■ ACTIVITY ■
In the data below, begin at the line with "NewDigital Manifold Gauge" and stop after the line with "愛馬仕鉑金包價格及圖片 Hermes Birkin"; output those lines exactly and no pictures.

+-------+

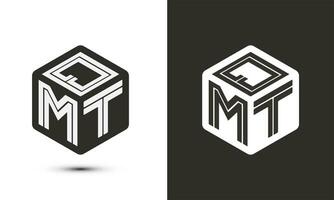 qmt carta logotipo Projeto com ilustrador cubo logotipo, vetor logotipo moderno alfabeto Fonte sobreposição estilo.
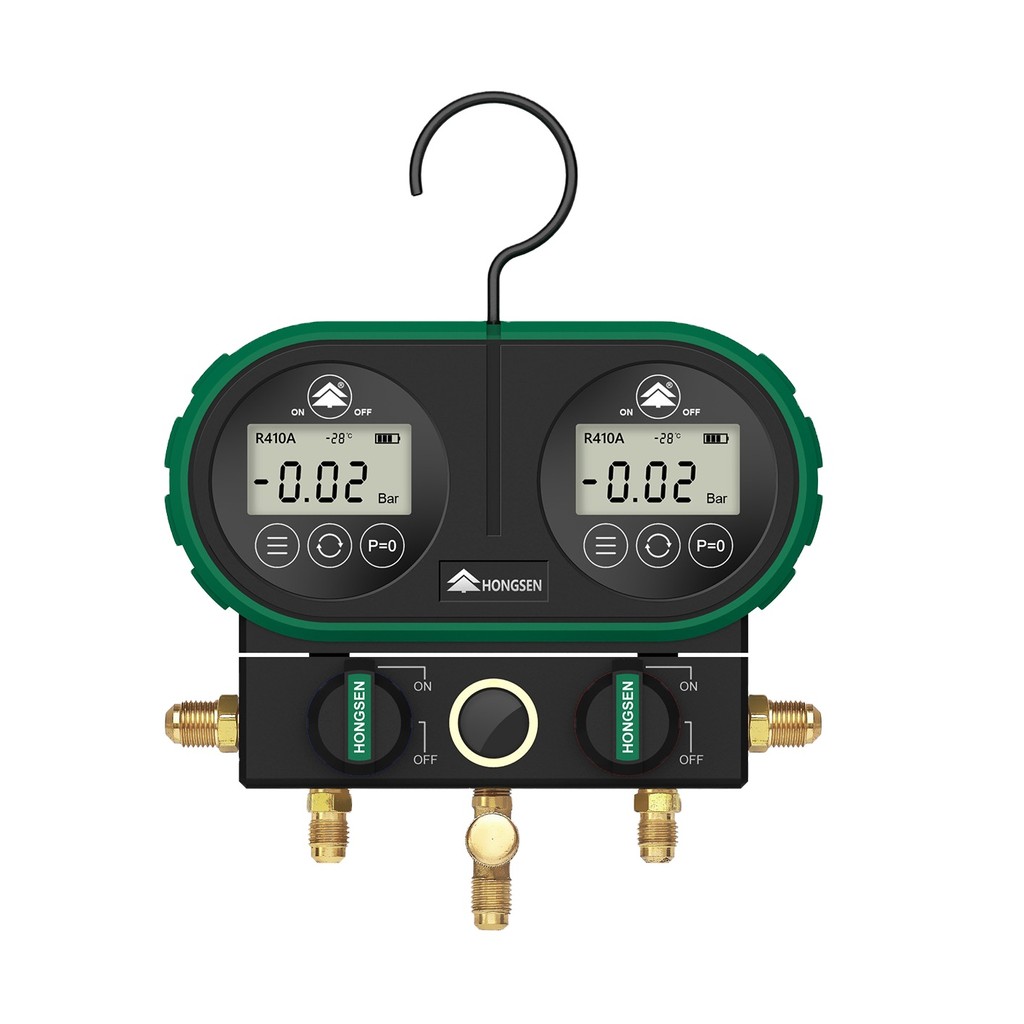 NewDigital Manifold Gauge Set 2-Valve Refrigerant HVAC Systems Leakage Pressure Tester Tool 3 ท่อสํา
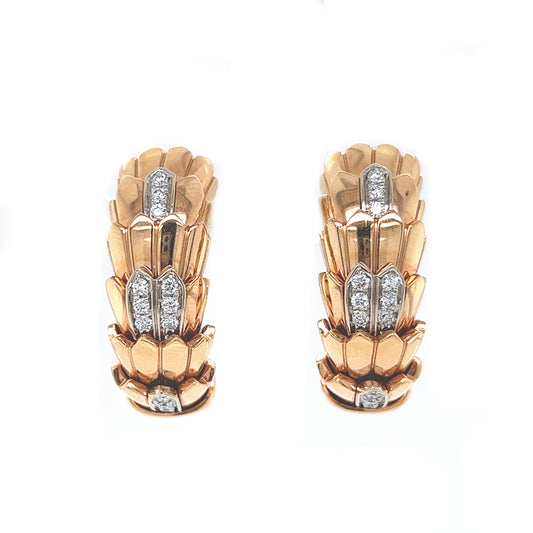 Roberto Coin Diamond Hoop Cobra Cocktail Earrings Rose Gold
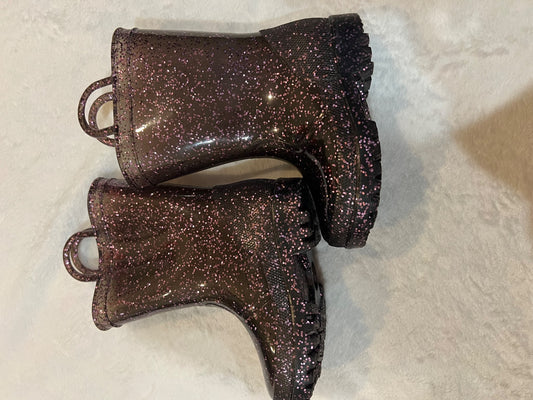 NWOT- size 6 rain boots- purple sparkles , Shoes 6 (Walkers:12-24 mth)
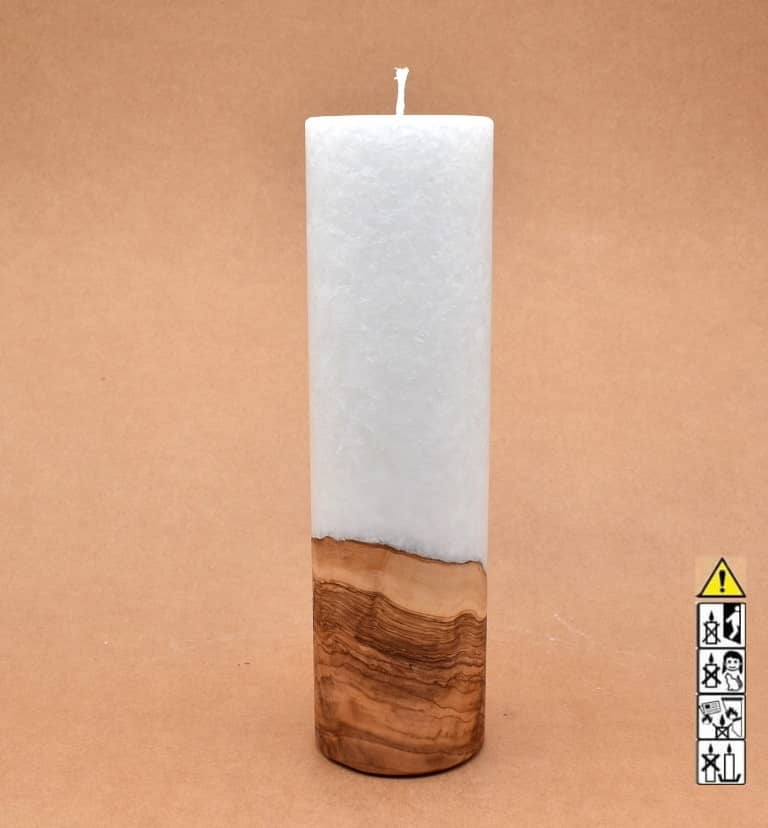 Kerze mit Holz Unikat Rund 70 x 250 mm mit Docht Nr.: 5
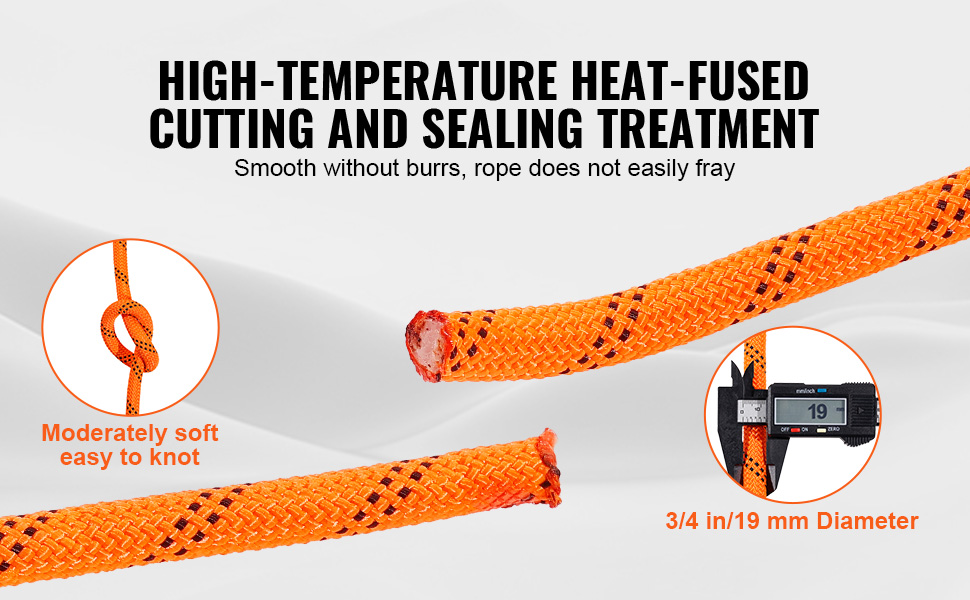 high-temperature heat-fused cutting treatment VEVOR arborist rigging rope, smooth and easy to knot.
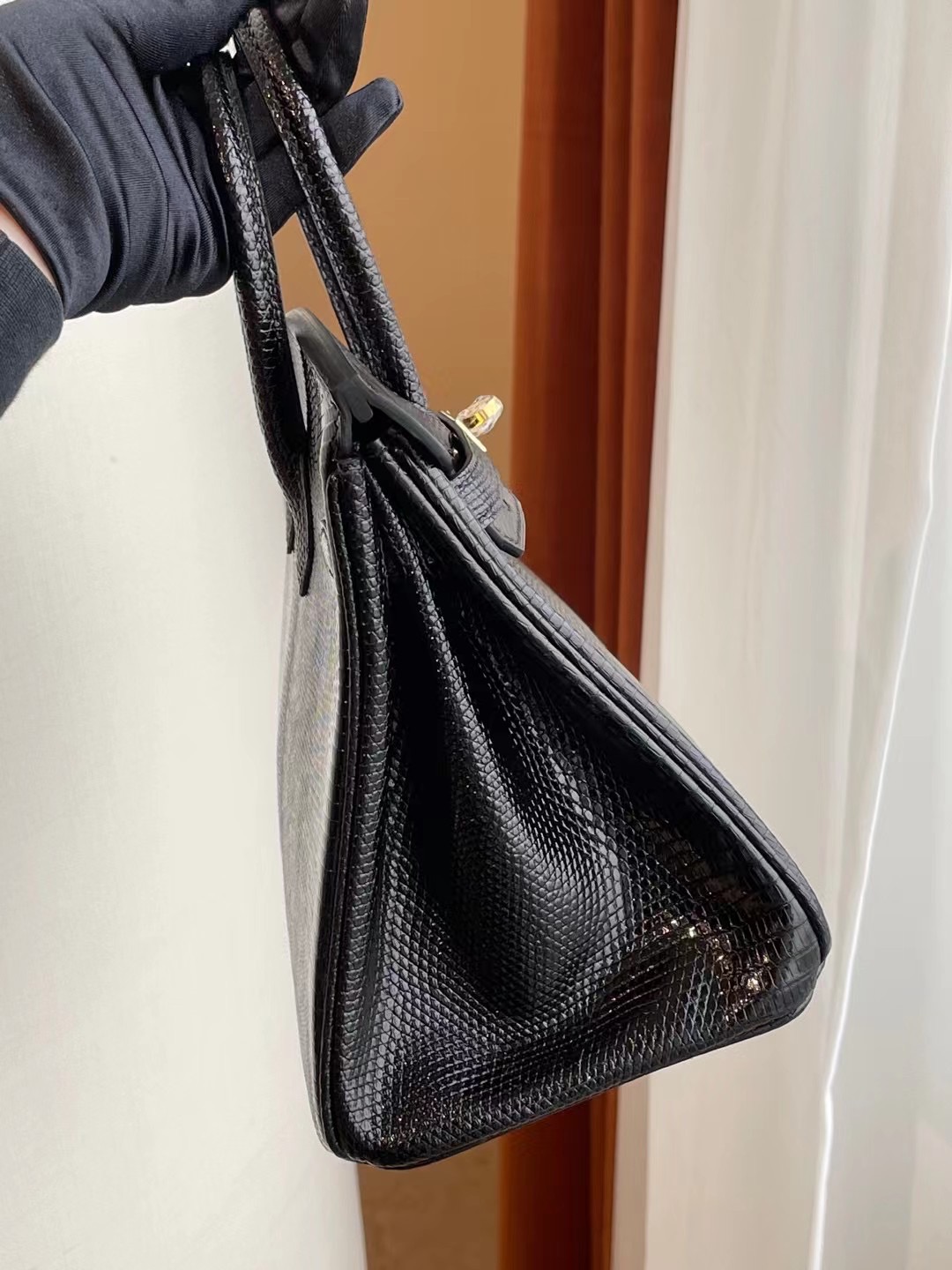 愛馬仕鉑金包價格及圖片 Hermes Birkin 25cm 89 Noir 黑色 Lizard 蜥蜴皮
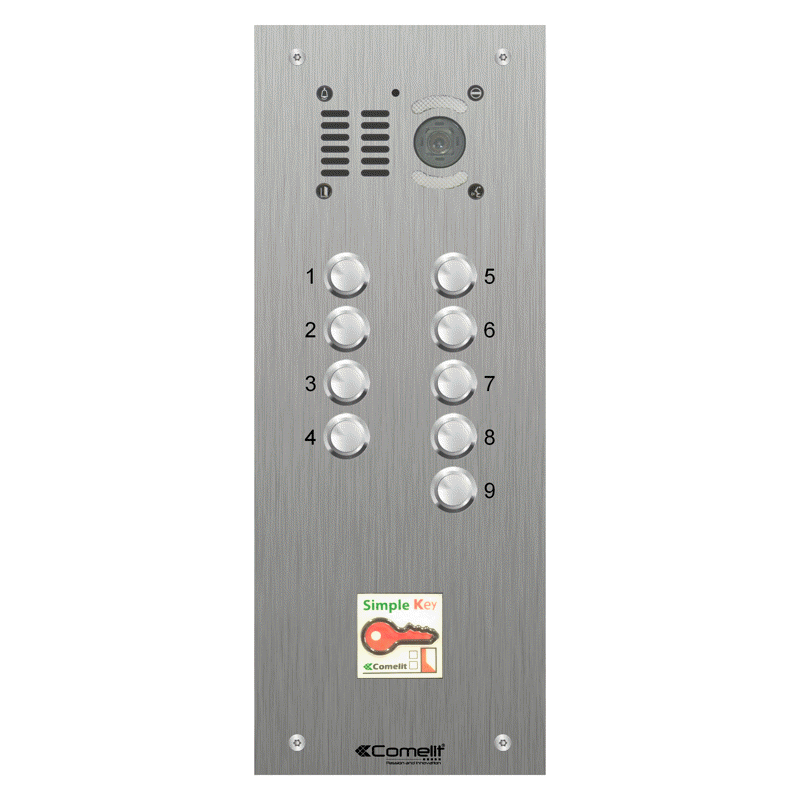 VK4509/08 Comelit 9 button, VR s.steel engravable iKall video + prox.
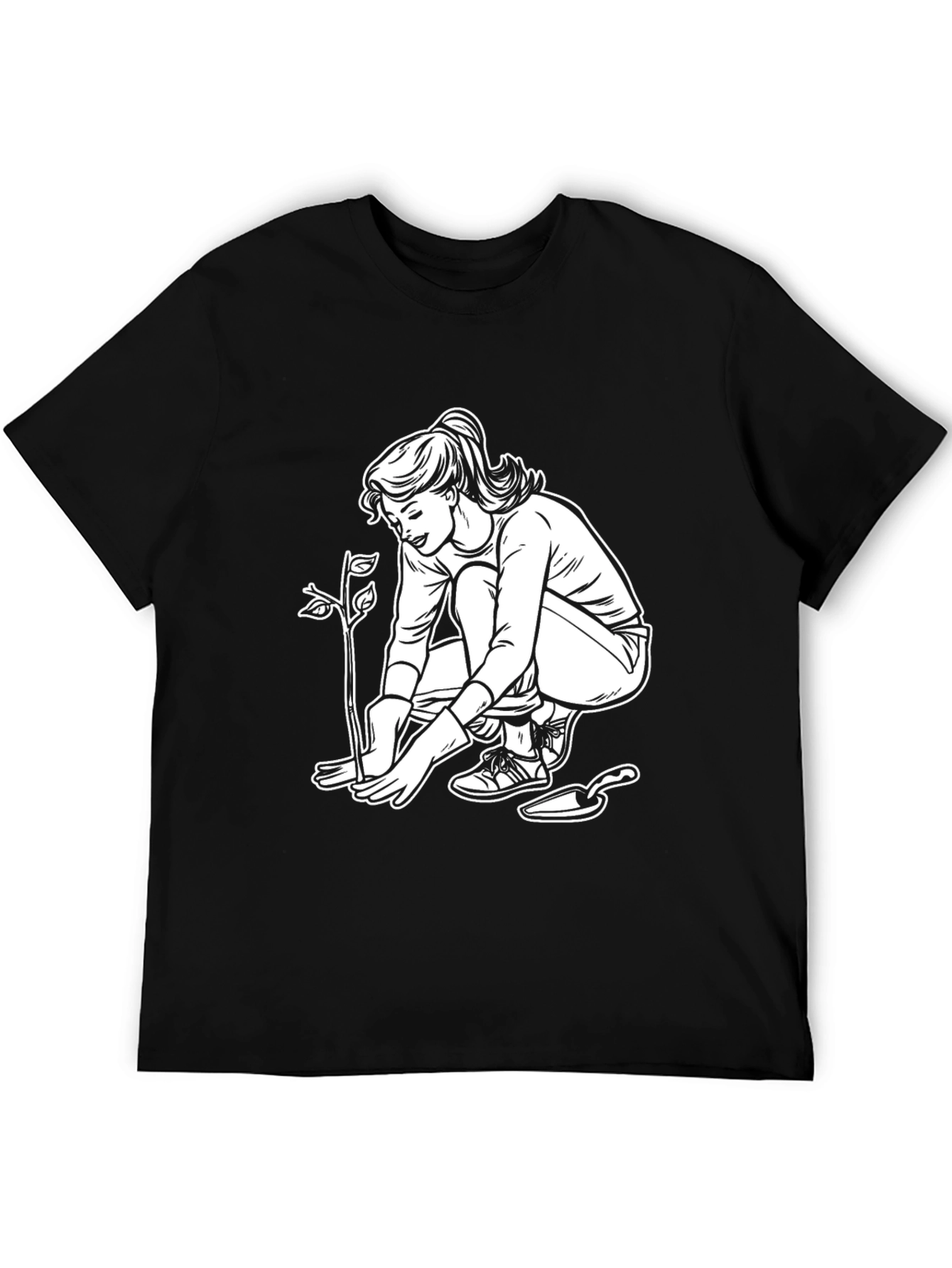 Gardener Woman Graphic Tee - Black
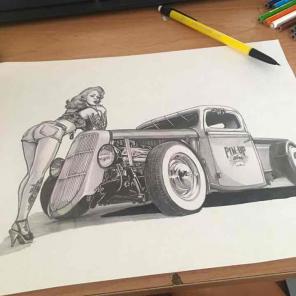 Pin up and ratrod drawing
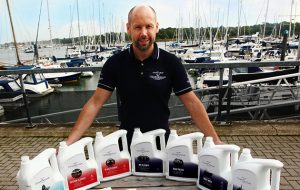 A range of Clean ToGleam products at a marina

+-------+

■ EXERCISE RESULT ■
 NewDigital Manifold Gauge Set 2-Valve Refrigerant HVAC Systems Leakage Pressure Tester Tool 3 ท่อสํา
 Roberto Coin Diamond Hoop Cobra Cocktail Earrings Rose Gold
 NWOT- size 6 rain boots- purple sparkles , Shoes 6 (Walkers:12-24 mth)
 Kerze mit Holz Unikat Rund 70 x 250 mm mit Docht Nr.: 5
 high-temperature heat-fused cutting treatment VEVOR arborist rigging rope, smooth and easy to knot.
 愛馬仕鉑金包價格及圖片 Hermes Birkin 25cm 89 Noir 黑色 Lizard 蜥蜴皮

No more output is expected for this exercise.